Restate the entries below exactly. Images are not part of the copy.

RECORD EXTRACTS section start

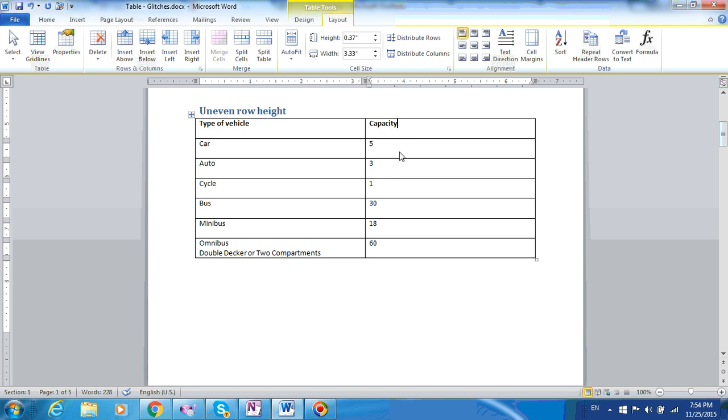But we still have another problem. This row has two lines of text, so visually it looks okay. But the other rows only have one line of text each, and you can see that the text is skewed towards the top. We really want the text to be in the middle of the row so visually it looks better.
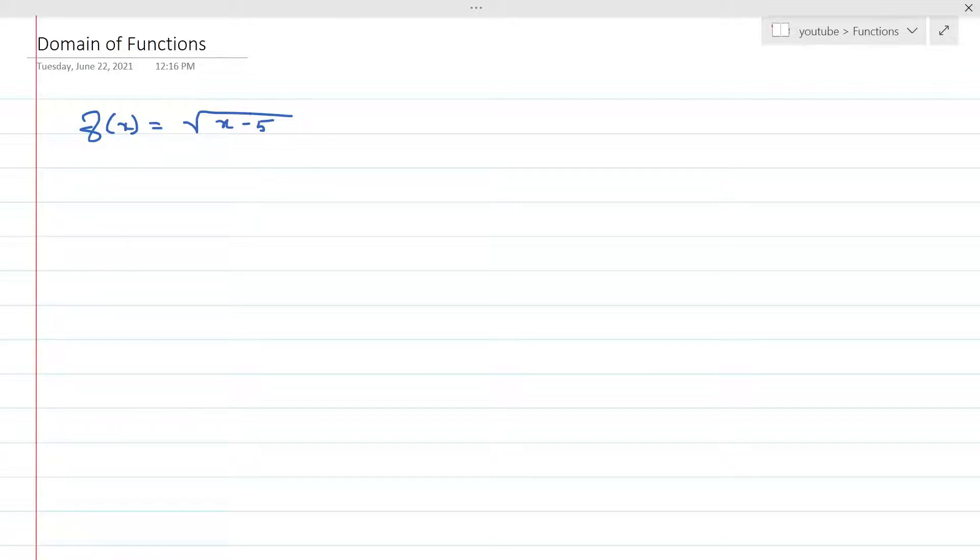So we know that anything in the root always needs to be greater than 0 for it to be a valid function.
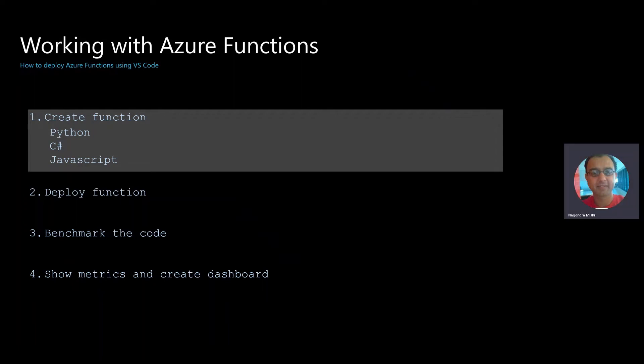Okay, working with Azure Functions. In this demo, we're going to show you how you can create an Azure Function using Visual Studio Code.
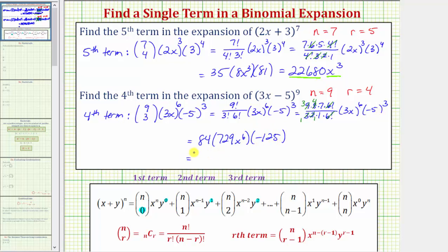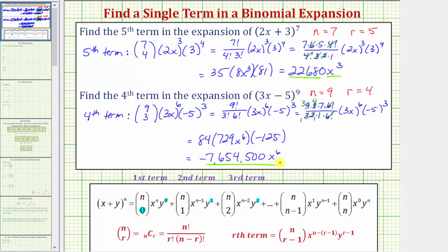So finally, eighty-four times seven hundred twenty-nine times negative one hundred twenty-five equals negative seven million six hundred fifty-four thousand five hundred, and we still have a factor of x to the sixth. The fourth term in the expansion of the quantity three x minus five raised to the power of nine is negative seven million six hundred fifty-four thousand five hundred x to the sixth. I hope you found this helpful.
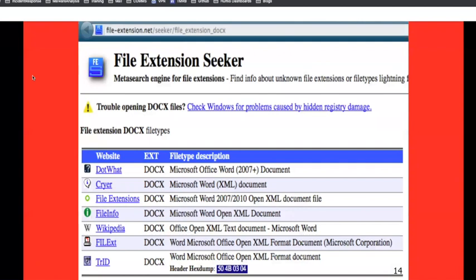There are other websites you could go to for file signature information. Gary Kessler is not the only website, but he constantly keeps his website up to date. Other websites may have a lot of advertisements and some may even be malicious. So if I'm not getting it automatically within a forensic toolkit and I'm doing this manually, I would always use Gary Kessler's website to search for file header information.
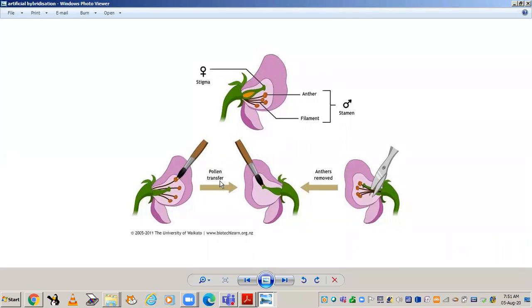After emasculation, the next step is bagging. Bagging means that after the anthers are removed, the flower is covered with a suitable bag made of butter paper to prevent contamination of its stigma with unwanted pollen grains. Later, you take pollen grains from a required species — the variety you want — using a brush and dust it on the stigma. After that, the flower is re-bagged and the fertilization process is allowed to proceed.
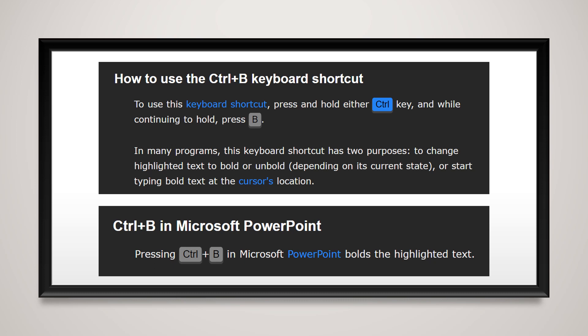In Microsoft PowerPoint, press CTRL plus B and it will bold the highlighted text.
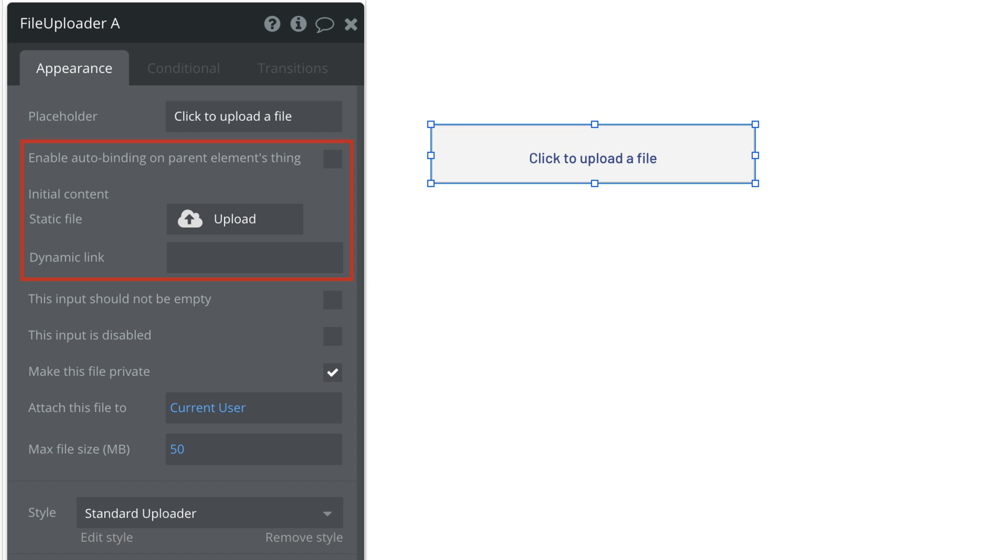Finally, you can set defaults or even auto-bind the value to a field, as well as set the max file size that users can upload up to 5GB.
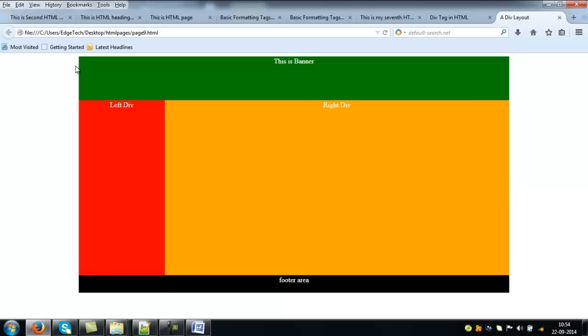So, this is the layout. And see the way to construct a web page using HTML divs. Thank you very much.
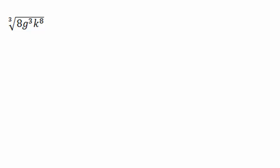Here we have a radical with one term in it. Everything inside the radical is connected with multiplication. So that means you can give each factor in the radical its own cube root.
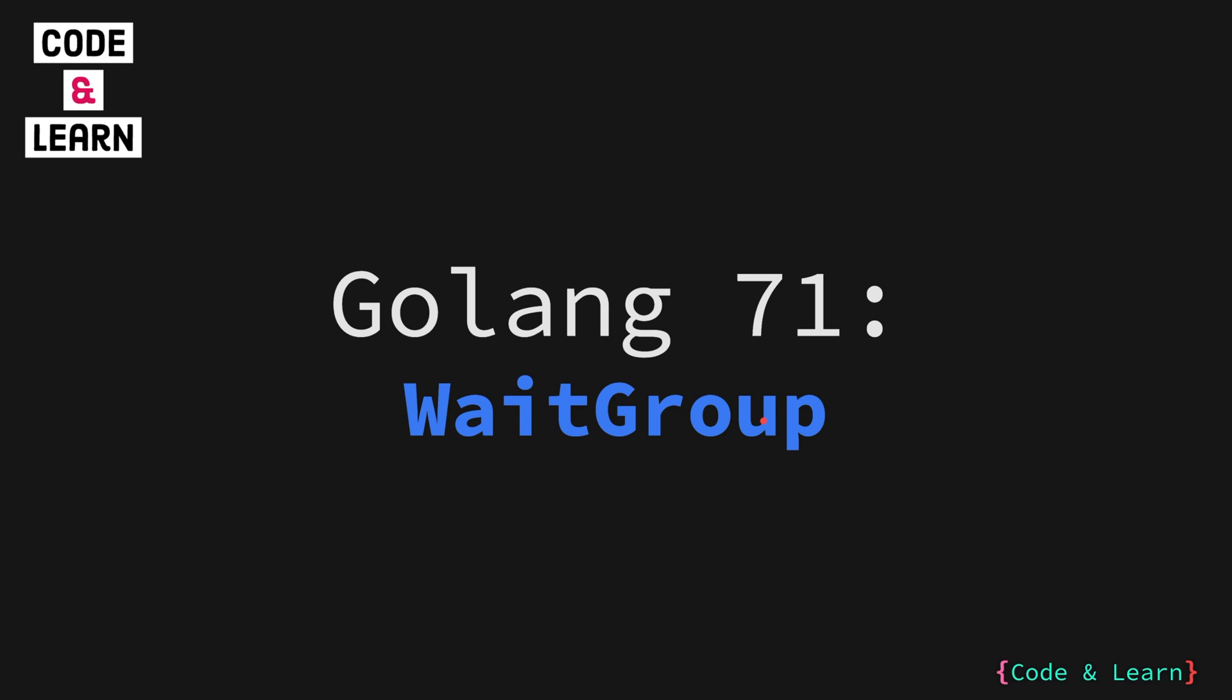Hello everyone, welcome to lesson 71 of our Golang course. In this lesson we will start looking at some of the primitives that the sync package offers to write concurrent programs. So let's get started.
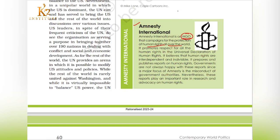We all know that the United Nations itself is working to establish human rights all over the world. It works to check whether human rights are being violated or not. Amnesty International is one another independent organization also working towards the protection of human rights.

RECORD EXTRACTS section end

ANSWER BELOW —
But we still have another problem. This row has two lines of text, so visually it looks okay. But the other rows only have one line of text each, and you can see that the text is skewed towards the top. We really want the text to be in the middle of the row so visually it looks better.
So we know that anything in the root always needs to be greater than 0 for it to be a valid function.
Okay, working with Azure Functions. In this demo, we're going to show you how you can create an Azure Function using Visual Studio Code.
So finally, eighty-four times seven hundred twenty-nine times negative one hundred twenty-five equals negative seven million six hundred fifty-four thousand five hundred, and we still have a factor of x to the sixth. The fourth term in the expansion of the quantity three x minus five raised to the power of nine is negative seven million six hundred fifty-four thousand five hundred x to the sixth. I hope you found this helpful.
There are other websites you could go to for file signature information. Gary Kessler is not the only website, but he constantly keeps his website up to date. Other websites may have a lot of advertisements and some may even be malicious. So if I'm not getting it automatically within a forensic toolkit and I'm doing this manually, I would always use Gary Kessler's website to search for file header information.
After emasculation, the next step is bagging. Bagging means that after the anthers are removed, the flower is covered with a suitable bag made of butter paper to prevent contamination of its stigma with unwanted pollen grains. Later, you take pollen grains from a required species — the variety you want — using a brush and dust it on the stigma. After that, the flower is re-bagged and the fertilization process is allowed to proceed.
In Microsoft PowerPoint, press CTRL plus B and it will bold the highlighted text.
Finally, you can set defaults or even auto-bind the value to a field, as well as set the max file size that users can upload up to 5GB.
So, this is the layout. And see the way to construct a web page using HTML divs. Thank you very much.
Here we have a radical with one term in it. Everything inside the radical is connected with multiplication. So that means you can give each factor in the radical its own cube root.
Hello everyone, welcome to lesson 71 of our Golang course. In this lesson we will start looking at some of the primitives that the sync package offers to write concurrent programs. So let's get started.
We all know that the United Nations itself is working to establish human rights all over the world. It works to check whether human rights are being violated or not. Amnesty International is one another independent organization also working towards the protection of human rights.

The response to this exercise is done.